Who invited Nawad Lapid and did the Israeli Embassy not have a say?
The International Film Festival of India (IFFI) is not counted among the most coveted in the world, but the 53rd edition in Goa this year was attracting serious international attention -- as was evident in the regular coverage of it by a publication of the stature of 'Variety' -- because of the association of France as a 'country of focus', the Season 4 premiere of the hit Israeli web series, 'Fauda', discussions such as the one between A.R. Rahman and Shekhar Kapur on AI and the metaverse, and a pretty significant presence of Bollywood.
SOURISH BHATTACHARYYA
New Delhi, Nov 29 (IANS) The International Film Festival of India (IFFI) is not counted among the most coveted in the world, but the 53rd edition in Goa this year was attracting serious international attention -- as was evident in the regular coverage of it by a publication of the stature of 'Variety' -- because of the association of France as a 'country of focus', the Season 4 premiere of the hit Israeli web series, 'Fauda', discussions such as the one between A.R. Rahman and Shekhar Kapur on AI and the metaverse, and a pretty significant presence of Bollywood.
But it all came crashing down on the closing evening, thanks to the couple of sentences spoken in the course of a speech by the jury chairman, Nadav Lapid, on 'The Kashmir Files', which was one of the 15 films in the competition section. The Golden Bear-winning director and screenwriter was holding forth on the artistic merit -- or lack of it -- of the film, but two words that he used, 'vulgar' and 'propaganda', triggered off a tsunami of reactions almost entirely against him.
That he was in Goa on an invitation of the Government of India -- a point made by the film's director, Vivek Agnihotri, in a video response -- and was speaking in front of the Union I&B Minister, Anurag Thakur, should have made Lapid choose his words carefully.
He should have been a tad more diplomatic, for he's no stranger to IFFI -- his 2014 film, 'The Kindergarten Teacher', won its lead star the Best Actor Award at IFFI -- and he must have known that the 'The Kashmir Files' had been blessed by the Government of India. But he's not known to keep his political views to himself.

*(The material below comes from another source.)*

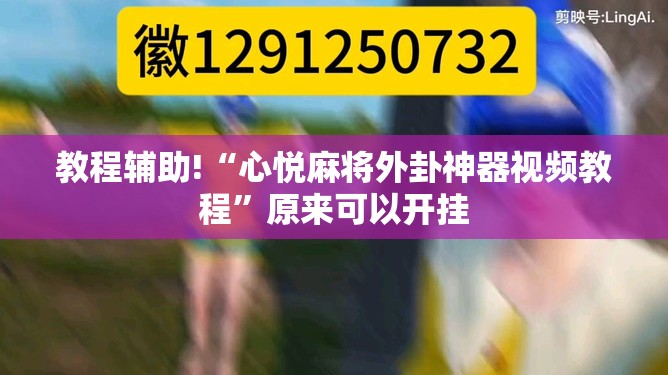 教程辅助!“心悦麻将外卦神器视频教程”原来可以开挂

Had Lapid been in India, and anyone who only reads the Wikipedia entry about him would know it, he would have been labelled a member of 'toolkit' or 'tukde tukde' gang for his consistent opposition to right-wing politics.
He would have been treated as the male equivalent of a Swara Bhaskar (who was the first to retweet Lapid's views about the film aired at IFFI) or a Richa Chadha (who stirred a hornet's nest with her comment on Galwan, getting a whole host of film personalities all worked up, from Akshay Kumar and Raveena Tandon to Madhur Bhandarkar and Adivi Sesh).
Then, how did the I&B Ministry, or the Festival Director, Ravinder Bhakar, who's also the head of both the Central Board for Film Certification (CBFC) and the National Film Development Corporation, or any of the bigwigs associated with organising the event, from Goa Chief Minister Pramod Sawant to seasoned film personalities such as Karan Johar, Khushboo Sundar, Prasoon Joshi, Priyadarshan and Shoojit Sircar, not anticipate the potential problem of inviting Lapid to head the jury?
Worse, the name must have gone through the Embassy of Israel, so it cannot escape the responsibility -- despite Ambassador Naor Gilon's open letter chastising Lapid -- of willy-nilly clearing the way for what has turned out to be a national embarrassment.
Politicians, from BJP's social media chief Amit Malviya to Assam Chief Minister Himanta Biswa Sarma, film personalities of the stature of Anupam Kher and even an aggrieved Vivek Agnihotri, director of 'The Kashmir Files', may keep fulminating against Lapid till the cows come home, but it won't help, for Kashmir is back in the international gaze for an avoidable reason.